SUPPLIED DATA »

────────

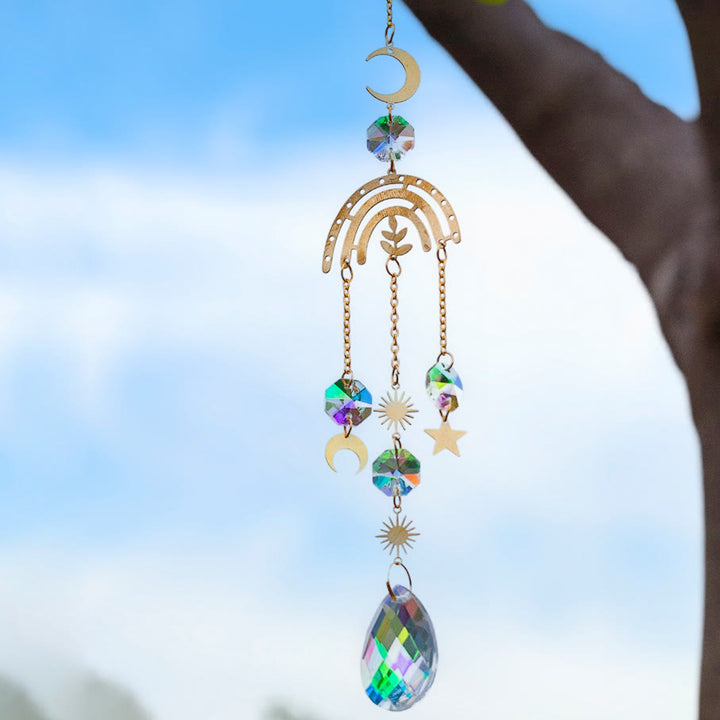 Olivenorma Lot de 5 carillons éoliens en forme de nuage, arc-en-ciel, planète, attrape-soleil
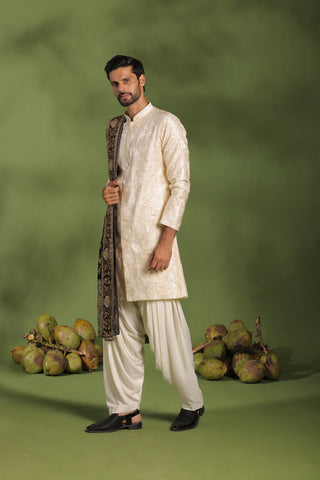 Kaustubh Cream Front Open Kurta patiyala set with dupatta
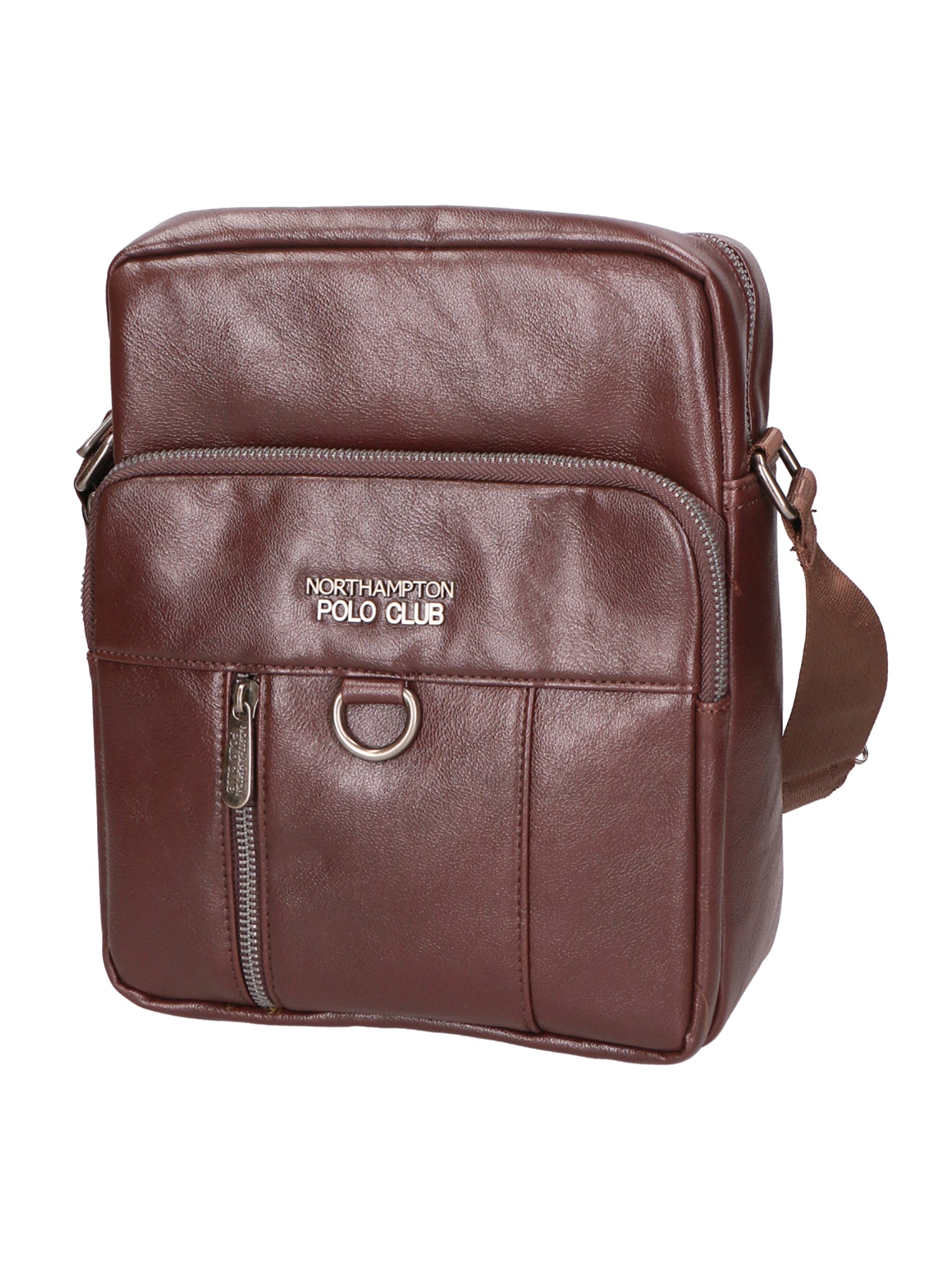 Borsa a tracolla uomo Pelle PU vegana PCL3102-COFFEE Northampton Polo Club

────────

TASK STATEMENT »
Print exactly, and only, the lines from the line containing "Kaustubh Cream Front" to the last line of the material above, with every picture left out.

TASK RESPONSE »
 Kaustubh Cream Front Open Kurta patiyala set with dupatta
 Borsa a tracolla uomo Pelle PU vegana PCL3102-COFFEE Northampton Polo Club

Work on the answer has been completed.